At the time of the burial, two young weeping willows had been planted over the graves as markers. Over the years, the trees had grown considerably, one towards the other, until their upper branches had joined. But now the willow on top of Marie Antoinette’s grave was losing its leaves. As the proprietor explained to Lucia, the roots, having grown eight feet deep, had reached the lime in which her body was thrown.

Louis XVIII arrived in Paris on 3 May. He was a supercilious sixty-year-old, overweight and overbearing; but he was also a stubborn negotiator, and not at all inclined to wear the constitutional straitjacket Talleyrand was fashioning for him. The draft constitution went back and forth between the new monarch and the president of the provisional government. By the time Louis XVIII installed himself at the Tuileries, he had curtailed the powers of Parliament and individual freedoms considerably. Talleyrand lamented the changes to his original draft, but in the end he was satisfied that sufficient guarantees ensured that France would not see a return to absolute monarchy.

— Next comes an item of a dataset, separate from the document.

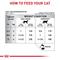 Show in main carousel: Royal Canin Veterinary Diet Selected Protein Pea & Duck Formula Adult Wet Cat Food, 5.1-oz can, case of 24 slide 9 of 12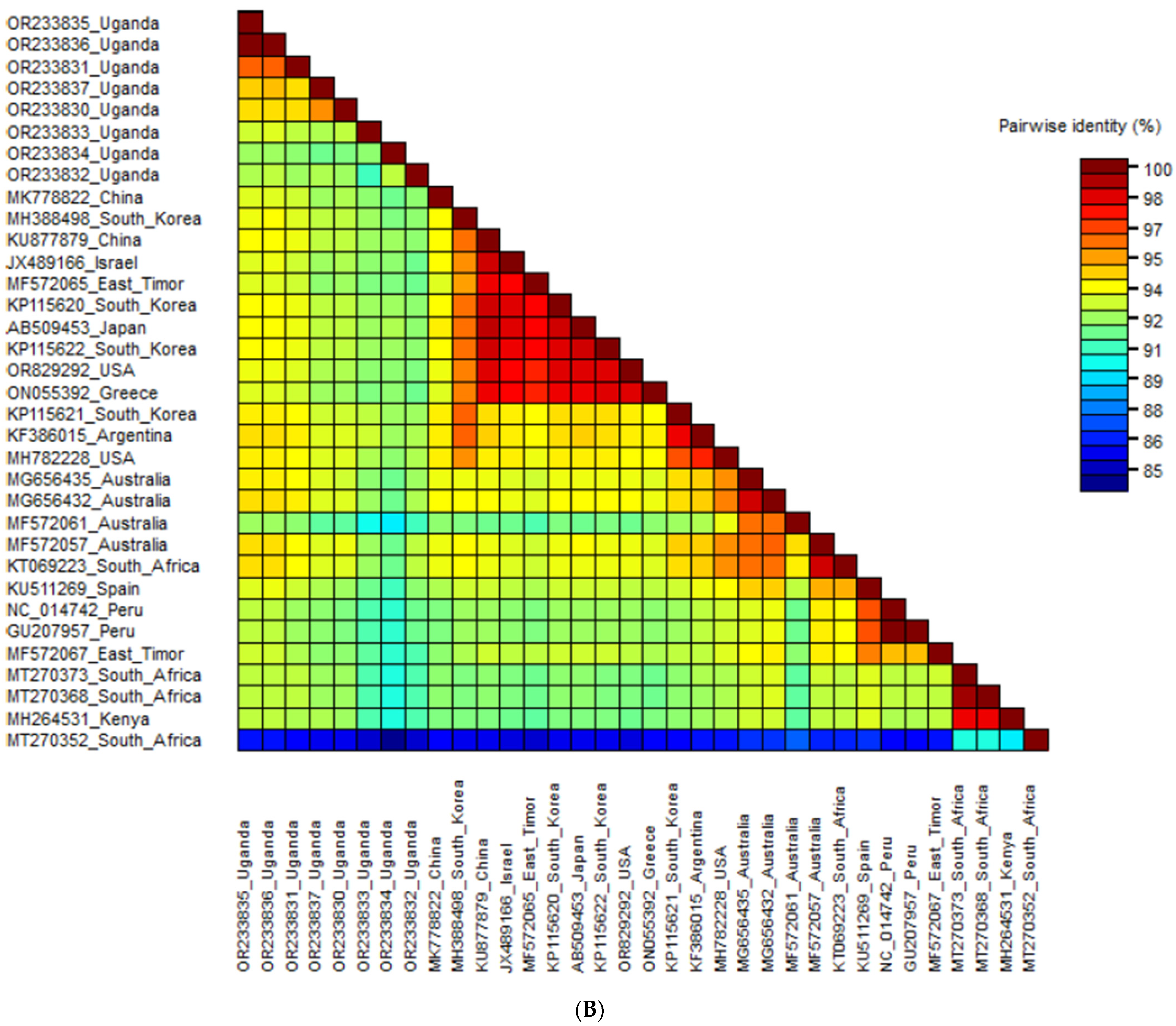 Pathogens 13 00833 g005b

On the other hand, Emperor Alexander, who had moved from Talleyrand’s mansion to the Elysée palace, did not take the changes at all well, and thereafter refused to speak to his former host.

On 16 May Lucia went to court for a formal presentation to Louis XVIII. The point of this otherwise futile exercise was to attract the king’s attention during the brief moment when one was face to face with him—not always an easy task given the soporific atmosphere that usually hung over this ceremony. She described herself on her card as the wife of the former captain of Verona, remembering that Alvise, despite the Directoire’s vociferous protests, had treated the future king well back in 1795, when he was living in exile in Italy as the Comte de Lille. “The King receives like our dear old uncle Lorenzo, sprawled in his throne,” Lucia wrote to her sister. “The ladies shuffle by him in a long line; they are only allowed a curtsey. The King nods without saying a word, except to those whom he knows personally.” It turned out Lucia’s little trick with her card worked beyond her expectations. She could not resist showing off a bit to her younger sister:

The King saw me, examined me for a short while, and then exclaimed “Ah Lucietta! How are you! It’s been so long!” The tone of his voice was so cordial and his expression so friendly that he seemed genuinely pleased to see me after nineteen years. And fancy him remembering my Venetian nickname!43

In reality, the atmosphere at the new court was anything but cheerful. The king and his royal siblings were rather advanced in age, and soured by many years of exile. The haughty Duchess of Angoulème, daughter of Louis XVI and Marie Antoinette and the king’s sister, restored stuffy rules of etiquette at the Tuileries that were a throwback to the ancien régime. “I really do not like the way we get pushed out of the room by the ushers after we have presented ourselves,”44 Lucia grumbled. There was no place to mingle, and the ladies were left to mill about with the servants outside the receiving chamber until their carriage appeared.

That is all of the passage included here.